I think vocation means trying things on for size, even if the pants don’t fit you at the ankles and you have to roll the legs up a bit. Even if you were once-upon-a-time a missionary kid, but feel like that part of you has disappeared into the background. And I’m just at the beginning of this—at the starting line of “maybe I’m called.”

Yesterday, I was  coming out of my apartment and I noticed my Indian neighbor standing outside with a little girl my daughter’s age. I yelled, “Hello!” even as my words seemed to echo back at an embarrassing decibel. She looked around to see if I was saying hello to her, and the start of a loud and confusing conversation began. I walked up to her, and we exchanged the formalities of name and relation. Her name was hard to pronounce, and I rolled it over my tongue and under my breath several times, trying to grasp some fluidity. My little Zoe and her granddaughter eyed each other.

And then we had a moment. I don’t want this to seem like a “happy ending” or the conclusion to a story about race and culture and understanding. Because it wasn’t like that. It wasn’t conclusive and it wasn’t definitive.

This moment was mid-conversation. I think it was also mutual.

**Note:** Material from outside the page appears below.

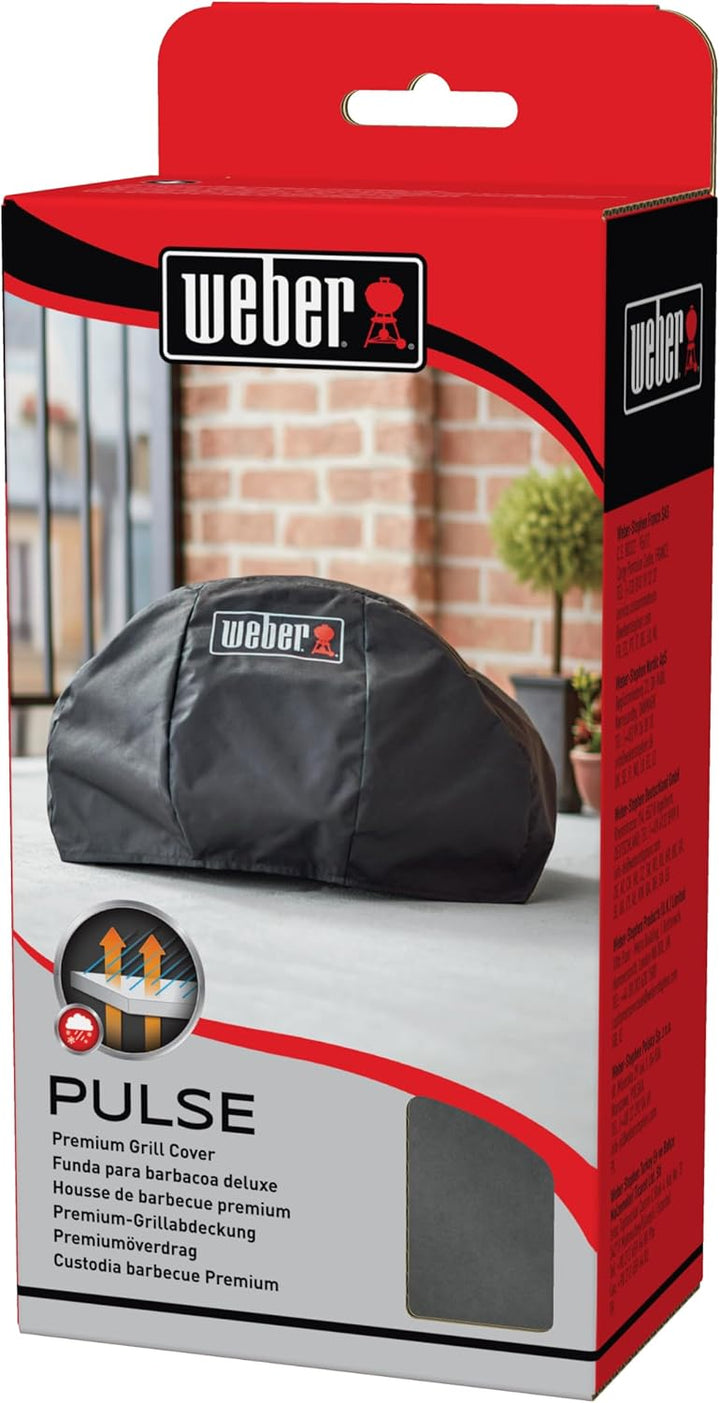Weber Premium Grill Bonnet Abdeckhaube für Pulse 1000, atmungsaktiv UV- & wasserbeständig, Schutz fo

I commented on her granddaughters absolutely gorgeous eyelashes—which were black and beautiful, and I said, “They look just like my daughters. They both have amazing lashes.” She nodded and laughed.

Was this moment as meaningful to her as it was to me? I don’t know. After this, we stumbled through another exchange. She asked her granddaughter to “high-five” my daughter (who refused to comply). Then I asked her questions about her family but I asked them too fast.  I needed to go. We laughed and nodded goodbye.

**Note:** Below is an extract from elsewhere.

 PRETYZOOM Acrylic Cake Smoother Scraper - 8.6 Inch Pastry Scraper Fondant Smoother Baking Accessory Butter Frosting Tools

And that was it. Perhaps my vocation for downward mobility is a budding one even though I have past multi-cultural experiences. Maybe it is for you too. Maybe you aren’t equipped. Maybe you’re not sure you even want to go out in your neighborhood and meet people who have different backgrounds. Maybe, like me, you’ve left a part of you behind, and you need to reach out because it will help you even more than it will help them

 

 

 

unnamed-1Briana Meade is a 20-something writer and blogger at brianameade.com. She is a contributor to Early Mama, a site for young mothers and often writes about the intersection of faith, culture, and motherhood. She lives with her husband and two children in the Raleigh-Durham area and is a graduate of Wheaton College

 

 

 

 

 

 

For all posts on downward mobility, please click here.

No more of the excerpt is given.